Rev. Theodore M. Hesburgh, C.S.C.
The University of Notre Dame will celebrate a special Mass on Thursday (May 25) to mark the 100th anniversary of the birth of the late Rev. Theodore M. Hesburgh, C.S.C., the University’s president from 1952 to 1987 and one of the most influential figures of the 20th century in higher education, the Catholic Church and national and international affairs.
Rev. John I. Jenkins, C.S.C., Notre Dame’s president, will preside at the Mass, which will begin at 5:15 p.m. in the Basilica of the Sacred Heart. Rev. Austin Collins, C.S.C., religious superior of Holy Cross Priests and Brothers at Notre Dame and professor of sculpture, will deliver the homily.

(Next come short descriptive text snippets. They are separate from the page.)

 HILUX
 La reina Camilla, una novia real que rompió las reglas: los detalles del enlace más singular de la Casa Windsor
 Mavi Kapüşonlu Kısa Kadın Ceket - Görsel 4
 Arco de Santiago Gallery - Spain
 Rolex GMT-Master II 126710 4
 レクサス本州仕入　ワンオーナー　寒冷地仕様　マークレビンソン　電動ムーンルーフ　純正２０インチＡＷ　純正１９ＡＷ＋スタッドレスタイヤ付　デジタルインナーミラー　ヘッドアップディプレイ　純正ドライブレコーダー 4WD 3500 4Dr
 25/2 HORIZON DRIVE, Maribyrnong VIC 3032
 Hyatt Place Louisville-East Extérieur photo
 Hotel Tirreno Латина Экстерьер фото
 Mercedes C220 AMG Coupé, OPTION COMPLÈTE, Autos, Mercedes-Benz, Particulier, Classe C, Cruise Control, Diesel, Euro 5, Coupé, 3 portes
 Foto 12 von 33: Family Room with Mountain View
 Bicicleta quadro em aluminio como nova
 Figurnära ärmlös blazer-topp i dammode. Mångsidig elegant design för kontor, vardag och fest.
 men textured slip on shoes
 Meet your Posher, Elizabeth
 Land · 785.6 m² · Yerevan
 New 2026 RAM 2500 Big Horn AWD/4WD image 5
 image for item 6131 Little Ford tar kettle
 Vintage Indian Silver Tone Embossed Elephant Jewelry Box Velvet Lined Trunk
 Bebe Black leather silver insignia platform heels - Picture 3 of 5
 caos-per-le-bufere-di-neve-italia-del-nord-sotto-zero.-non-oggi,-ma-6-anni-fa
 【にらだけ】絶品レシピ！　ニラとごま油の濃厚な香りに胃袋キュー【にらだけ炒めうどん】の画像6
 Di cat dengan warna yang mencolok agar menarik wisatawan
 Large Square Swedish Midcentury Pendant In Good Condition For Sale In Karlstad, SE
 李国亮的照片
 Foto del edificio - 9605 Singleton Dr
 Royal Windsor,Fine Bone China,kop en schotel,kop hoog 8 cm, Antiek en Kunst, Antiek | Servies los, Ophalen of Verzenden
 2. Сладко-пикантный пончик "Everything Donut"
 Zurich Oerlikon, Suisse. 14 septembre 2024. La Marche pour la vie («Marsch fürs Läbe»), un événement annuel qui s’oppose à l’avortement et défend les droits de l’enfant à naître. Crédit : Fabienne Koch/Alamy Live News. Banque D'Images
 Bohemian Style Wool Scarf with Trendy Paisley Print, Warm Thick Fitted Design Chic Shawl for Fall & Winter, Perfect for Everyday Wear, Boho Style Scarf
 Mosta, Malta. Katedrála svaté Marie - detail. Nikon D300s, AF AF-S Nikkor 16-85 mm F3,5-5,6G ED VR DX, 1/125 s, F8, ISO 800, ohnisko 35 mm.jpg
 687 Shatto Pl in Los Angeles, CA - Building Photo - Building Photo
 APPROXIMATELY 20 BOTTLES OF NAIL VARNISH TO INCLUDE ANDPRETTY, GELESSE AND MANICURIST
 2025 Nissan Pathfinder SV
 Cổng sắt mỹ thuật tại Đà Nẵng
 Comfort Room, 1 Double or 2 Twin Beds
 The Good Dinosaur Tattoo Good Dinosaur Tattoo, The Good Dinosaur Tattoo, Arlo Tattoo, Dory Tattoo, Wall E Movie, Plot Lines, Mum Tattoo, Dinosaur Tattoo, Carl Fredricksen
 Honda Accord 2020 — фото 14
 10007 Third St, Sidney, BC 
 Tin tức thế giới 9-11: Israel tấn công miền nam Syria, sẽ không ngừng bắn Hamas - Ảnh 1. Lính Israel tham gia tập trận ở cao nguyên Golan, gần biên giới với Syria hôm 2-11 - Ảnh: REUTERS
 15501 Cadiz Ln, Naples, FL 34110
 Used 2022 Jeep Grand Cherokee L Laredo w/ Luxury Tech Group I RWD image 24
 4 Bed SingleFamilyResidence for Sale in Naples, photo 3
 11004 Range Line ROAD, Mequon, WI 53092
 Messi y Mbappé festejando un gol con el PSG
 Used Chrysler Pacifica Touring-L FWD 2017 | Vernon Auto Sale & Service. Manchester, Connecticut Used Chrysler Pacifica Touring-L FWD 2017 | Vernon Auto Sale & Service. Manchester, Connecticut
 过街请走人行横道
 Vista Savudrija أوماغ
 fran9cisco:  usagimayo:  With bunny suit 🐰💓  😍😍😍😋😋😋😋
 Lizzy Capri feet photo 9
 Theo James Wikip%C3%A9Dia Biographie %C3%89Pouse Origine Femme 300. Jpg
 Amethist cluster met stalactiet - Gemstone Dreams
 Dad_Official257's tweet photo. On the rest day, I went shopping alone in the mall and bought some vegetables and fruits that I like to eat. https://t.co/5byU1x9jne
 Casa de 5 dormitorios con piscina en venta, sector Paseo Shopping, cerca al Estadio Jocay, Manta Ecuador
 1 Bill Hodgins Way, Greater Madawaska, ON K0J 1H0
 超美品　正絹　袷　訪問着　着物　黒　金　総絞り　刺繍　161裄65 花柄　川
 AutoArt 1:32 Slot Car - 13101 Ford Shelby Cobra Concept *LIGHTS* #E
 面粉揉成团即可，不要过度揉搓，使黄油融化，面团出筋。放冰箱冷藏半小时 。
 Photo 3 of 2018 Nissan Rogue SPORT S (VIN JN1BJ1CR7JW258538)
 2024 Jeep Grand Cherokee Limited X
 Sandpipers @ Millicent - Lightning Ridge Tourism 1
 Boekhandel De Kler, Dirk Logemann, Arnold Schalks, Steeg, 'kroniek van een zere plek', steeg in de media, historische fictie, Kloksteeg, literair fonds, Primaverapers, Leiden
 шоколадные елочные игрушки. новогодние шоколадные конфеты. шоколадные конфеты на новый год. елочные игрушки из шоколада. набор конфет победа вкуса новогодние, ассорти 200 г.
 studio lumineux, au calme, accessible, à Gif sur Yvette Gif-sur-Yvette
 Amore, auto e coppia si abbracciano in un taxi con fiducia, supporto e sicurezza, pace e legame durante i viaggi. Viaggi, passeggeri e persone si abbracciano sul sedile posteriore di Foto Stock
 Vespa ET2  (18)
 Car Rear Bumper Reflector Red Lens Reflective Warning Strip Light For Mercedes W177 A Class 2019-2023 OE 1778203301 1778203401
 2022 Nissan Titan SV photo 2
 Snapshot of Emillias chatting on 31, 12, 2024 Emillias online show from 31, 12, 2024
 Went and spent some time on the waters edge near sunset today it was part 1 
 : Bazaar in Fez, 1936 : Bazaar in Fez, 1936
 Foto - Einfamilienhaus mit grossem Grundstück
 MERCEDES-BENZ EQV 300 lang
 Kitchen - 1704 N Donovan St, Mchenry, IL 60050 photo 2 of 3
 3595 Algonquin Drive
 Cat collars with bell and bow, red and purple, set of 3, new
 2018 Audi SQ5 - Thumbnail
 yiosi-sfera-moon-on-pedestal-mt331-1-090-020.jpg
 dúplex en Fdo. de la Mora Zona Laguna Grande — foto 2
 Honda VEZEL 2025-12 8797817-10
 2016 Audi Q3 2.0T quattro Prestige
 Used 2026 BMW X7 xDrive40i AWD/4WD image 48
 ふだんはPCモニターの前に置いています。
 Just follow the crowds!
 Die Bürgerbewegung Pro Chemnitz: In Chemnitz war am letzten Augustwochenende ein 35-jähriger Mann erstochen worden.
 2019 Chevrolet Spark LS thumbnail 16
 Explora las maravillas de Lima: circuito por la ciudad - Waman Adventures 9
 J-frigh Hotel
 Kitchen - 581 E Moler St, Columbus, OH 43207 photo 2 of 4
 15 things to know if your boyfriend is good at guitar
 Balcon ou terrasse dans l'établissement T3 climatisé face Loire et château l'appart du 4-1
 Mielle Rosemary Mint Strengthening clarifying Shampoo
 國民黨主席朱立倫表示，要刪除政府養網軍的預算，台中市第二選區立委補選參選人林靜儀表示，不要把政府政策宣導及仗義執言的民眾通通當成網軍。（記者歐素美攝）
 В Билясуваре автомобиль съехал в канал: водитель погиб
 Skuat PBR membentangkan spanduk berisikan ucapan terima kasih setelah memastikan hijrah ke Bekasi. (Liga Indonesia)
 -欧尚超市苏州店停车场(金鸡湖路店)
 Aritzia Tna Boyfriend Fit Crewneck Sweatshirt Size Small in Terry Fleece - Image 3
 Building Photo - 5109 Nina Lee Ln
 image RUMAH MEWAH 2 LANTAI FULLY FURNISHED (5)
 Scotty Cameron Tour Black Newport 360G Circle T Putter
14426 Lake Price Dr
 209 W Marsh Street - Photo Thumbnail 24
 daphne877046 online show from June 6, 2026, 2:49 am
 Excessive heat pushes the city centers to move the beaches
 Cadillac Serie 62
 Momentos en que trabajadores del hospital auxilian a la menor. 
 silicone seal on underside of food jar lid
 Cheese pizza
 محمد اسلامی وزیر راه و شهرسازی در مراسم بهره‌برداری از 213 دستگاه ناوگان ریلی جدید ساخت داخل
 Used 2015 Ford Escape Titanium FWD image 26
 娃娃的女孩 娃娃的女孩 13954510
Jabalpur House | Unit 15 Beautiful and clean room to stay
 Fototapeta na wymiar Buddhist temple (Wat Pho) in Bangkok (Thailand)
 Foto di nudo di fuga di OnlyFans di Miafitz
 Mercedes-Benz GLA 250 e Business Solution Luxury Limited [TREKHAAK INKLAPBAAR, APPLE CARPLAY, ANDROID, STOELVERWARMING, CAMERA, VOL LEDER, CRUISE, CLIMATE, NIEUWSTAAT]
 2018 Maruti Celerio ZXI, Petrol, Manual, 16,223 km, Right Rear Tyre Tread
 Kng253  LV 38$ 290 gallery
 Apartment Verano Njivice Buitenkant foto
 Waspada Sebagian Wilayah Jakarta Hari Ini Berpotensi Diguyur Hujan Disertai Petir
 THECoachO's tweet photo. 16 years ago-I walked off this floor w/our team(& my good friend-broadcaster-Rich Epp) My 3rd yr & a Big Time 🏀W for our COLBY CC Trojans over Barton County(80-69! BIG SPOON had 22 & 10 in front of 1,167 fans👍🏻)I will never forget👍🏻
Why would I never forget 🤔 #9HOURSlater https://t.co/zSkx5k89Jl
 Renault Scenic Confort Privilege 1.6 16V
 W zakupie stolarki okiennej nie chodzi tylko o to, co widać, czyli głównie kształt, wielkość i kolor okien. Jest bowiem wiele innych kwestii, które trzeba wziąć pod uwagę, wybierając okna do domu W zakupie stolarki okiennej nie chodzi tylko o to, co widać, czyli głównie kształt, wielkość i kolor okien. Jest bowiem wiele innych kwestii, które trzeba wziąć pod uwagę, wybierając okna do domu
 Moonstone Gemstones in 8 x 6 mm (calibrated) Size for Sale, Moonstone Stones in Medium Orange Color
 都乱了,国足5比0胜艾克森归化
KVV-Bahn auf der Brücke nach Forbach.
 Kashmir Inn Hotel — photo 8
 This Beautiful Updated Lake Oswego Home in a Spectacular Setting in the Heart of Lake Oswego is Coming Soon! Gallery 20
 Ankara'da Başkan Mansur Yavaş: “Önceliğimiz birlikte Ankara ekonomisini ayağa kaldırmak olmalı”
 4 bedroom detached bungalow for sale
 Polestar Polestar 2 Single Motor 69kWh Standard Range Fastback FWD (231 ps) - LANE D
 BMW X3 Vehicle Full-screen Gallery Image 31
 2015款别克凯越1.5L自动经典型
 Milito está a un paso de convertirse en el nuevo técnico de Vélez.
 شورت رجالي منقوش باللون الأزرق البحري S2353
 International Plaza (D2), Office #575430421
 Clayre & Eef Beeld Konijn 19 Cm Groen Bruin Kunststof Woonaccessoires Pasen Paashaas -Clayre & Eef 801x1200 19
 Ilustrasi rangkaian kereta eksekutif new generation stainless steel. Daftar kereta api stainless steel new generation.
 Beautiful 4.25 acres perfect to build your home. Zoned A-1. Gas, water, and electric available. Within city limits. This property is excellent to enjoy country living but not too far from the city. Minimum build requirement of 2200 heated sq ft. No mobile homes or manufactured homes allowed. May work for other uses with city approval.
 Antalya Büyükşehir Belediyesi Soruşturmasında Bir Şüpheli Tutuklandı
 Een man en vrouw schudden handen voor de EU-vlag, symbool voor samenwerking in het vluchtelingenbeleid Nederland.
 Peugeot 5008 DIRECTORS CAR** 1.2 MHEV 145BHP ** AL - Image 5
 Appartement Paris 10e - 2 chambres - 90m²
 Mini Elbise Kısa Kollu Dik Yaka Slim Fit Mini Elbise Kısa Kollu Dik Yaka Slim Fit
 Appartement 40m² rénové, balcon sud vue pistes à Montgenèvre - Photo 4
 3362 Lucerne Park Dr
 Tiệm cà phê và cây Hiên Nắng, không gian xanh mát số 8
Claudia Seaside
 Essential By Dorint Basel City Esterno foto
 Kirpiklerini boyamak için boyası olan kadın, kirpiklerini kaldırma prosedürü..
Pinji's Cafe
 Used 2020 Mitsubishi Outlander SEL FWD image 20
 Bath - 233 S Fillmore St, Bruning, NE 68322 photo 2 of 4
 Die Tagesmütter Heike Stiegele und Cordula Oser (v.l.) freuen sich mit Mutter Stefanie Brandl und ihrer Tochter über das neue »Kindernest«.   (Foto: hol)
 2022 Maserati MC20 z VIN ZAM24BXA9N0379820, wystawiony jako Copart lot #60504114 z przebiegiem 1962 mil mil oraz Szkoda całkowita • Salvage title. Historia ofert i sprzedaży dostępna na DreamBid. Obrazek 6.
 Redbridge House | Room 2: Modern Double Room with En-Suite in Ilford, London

All members of the campus and local communities are invited.
Father Hesburgh died Feb. 26, 2015, at age 97.
In addition to his 35-year tenure as Notre Dame’s president, Father Hesburgh’s other notable achievements and accolades included:
- 16 presidential appointments – from Presidents Dwight Eisenhower to George W. Bush, including the Commission on Civil Rights, Presidential Clemency Board, National Science Board, Commission on the Holocaust and Select Commission on Immigration and Refugee Policy.
- Service to four popes, three as permanent Vatican City representative to the International Atomic Energy Agency in Vienna from 1956 to 1970
- Service as chair of the International Federation of Catholic Universities
- A recipient of the Public Welfare Medal, the most prestigious award given by the National Academy of Sciences
- Election to the Board of Overseers at Harvard University, including two years as board president, the first priest in either position
- Service as co-chair of the Knight Commission on Intercollegiate Athletics
- The honor of being the first person from higher education to be awarded the Congressional Gold Medal, presented in 2000, and receipt in 1964 of the Medal of Freedom, the nation’s highest civilian honor
- Reception of 150 honorary degrees, the most ever awarded to one person
Father Hesburgh was born May 25, 1917, and raised in Syracuse, New York. He was educated at Notre Dame and the Gregorian University in Rome, from which he earned a bachelor’s degree in 1939. He was ordained a priest of the Congregation of Holy Cross, Notre Dame’s founding order, in 1943.
Following his ordination, Father Hesburgh continued his study of sacred theology at the Catholic University of America in Washington, D.C., earning his doctorate in 1945. He joined the Notre Dame faculty the same year and served as chaplain to World War II veterans on campus in addition to his teaching duties in the Religion Department. He became the head of that department in 1948, and the following year was appointed executive vice president in the administration of Rev. John J. Cavanaugh, C.S.C., the University president. At the age of 35 in June 1952, he was named the 15th president of Notre Dame.
The accomplishments of the Hesburgh era at Notre Dame are reflected in statistics comparing the Notre Dame of 1952, when Father Hesburgh became president, with the University he left in 1987. The annual operating budget rose from $9.7 million to $176.6 million, the endowment from $9 million to $350 million, and research funding from $735,000 to $15 million. Enrollment increased from 4,979 to 9,600, faculty from 389 to 950, and degrees awarded annually from 1,212 to 2,500. Two major changes during the Hesburgh era were the transference of governance in 1967 from the Congregation of Holy Cross to a two-tiered, mixed board of lay and religious trustees and fellows, and the admission of women to undergraduate studies in 1972.